8th April

Thoughts leading from the reading of Bob Hughes book ‘Dust and Magic’ - Talking to Carolyn Hassan at the Knowle West Media Centre - Thoughts about Peer2Peer, blogging (Stephen Hepple) - Seeing what you expect to see - IT solutions designed by large corporations, or by committee.
Wednesday, 8 April

It is going to be another what is happening rather than thinking block this time I think because there is not much that I'm thinking. Mind you there is a quote from Bob Hughes that I like which I think that I will put in about the best thinking happening when you're not thinking. And going through his book, I am not sure how much of it is relevant to what I am doing but the landscape, the idea of all these different possible routes, the fact that we explore a route but it is not necessarily going to be the best one. And actually in exploring the route it can change the topology depending on the route that you have taken. I certainly feel that what he says in his book, that Bill Gates led us up shit creek possibly, I am feeling that way piddling around with a Windows machine that doesn't want to behave, that comes up with illogical messages, that tells you to do something, you do it and then it doesn't do what it said it was going to do it does something totally different and then comes up with the same message again in an endless circle. and I find this happening so much with Windows, you go to the start menu to shut it down, once you tell it to shut down it asks you whether you're sure. that really isn't very good design to my mind as a graphic designer perhaps.

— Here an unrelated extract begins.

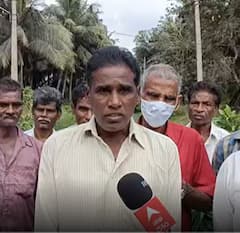 Bendamoorlanka Farmers Protest: పంటకాలువల అధ్వాన్నస్థితిపై బెండమూర్లంక రైతుల నిరసన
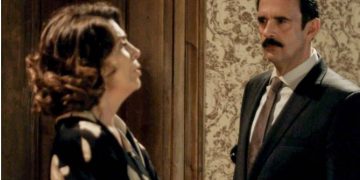 Alldaynews.gr Άγριες Μέλισσες: Αποκαλύφθηκε η αλήθεια για την Ελένη και το twitter δόξασε τον Δούκα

Talking to Carolyn Hassan about her project her essay on regeneration working with teenagers in Knowle West, which I think is much nearer the area that I will be working with, so I have made an appointment to go and visit her next week, and hopefully I will be able to see Emma Augustina again.

Putting some of my students work in competition today, their work on emotions and personality that we did very speedily.

What was that other quote? I know, a quote from Stephen Heppel's blog it is maybe not relevant but he was saying that he finds a lot of the best work on this current thinking isn't in academic papers or published publications but is just online in blocks and from very surprising sources not necessarily the sources that you would think the best thinking to be coming from. And that fits in very well with ideas of peer to peer and web networking the wiki effect where everyone can have a say and everyone's sake can be important, in fact it fits beautifully with the Quaker idea of everyone being equal and they're not being someone above everyone else will I am sure that you do get the occasional genius and you get people who are thinking in a particular way, so they have a lot of experience behind them but that doesn't necessarily mean that everything that they are going to say is going to be correct in right and it may also mean that the way that they are looking is the way that they sort of have to look because they have gone down that path and the path leads on when they could have gone down a myriad of other paths.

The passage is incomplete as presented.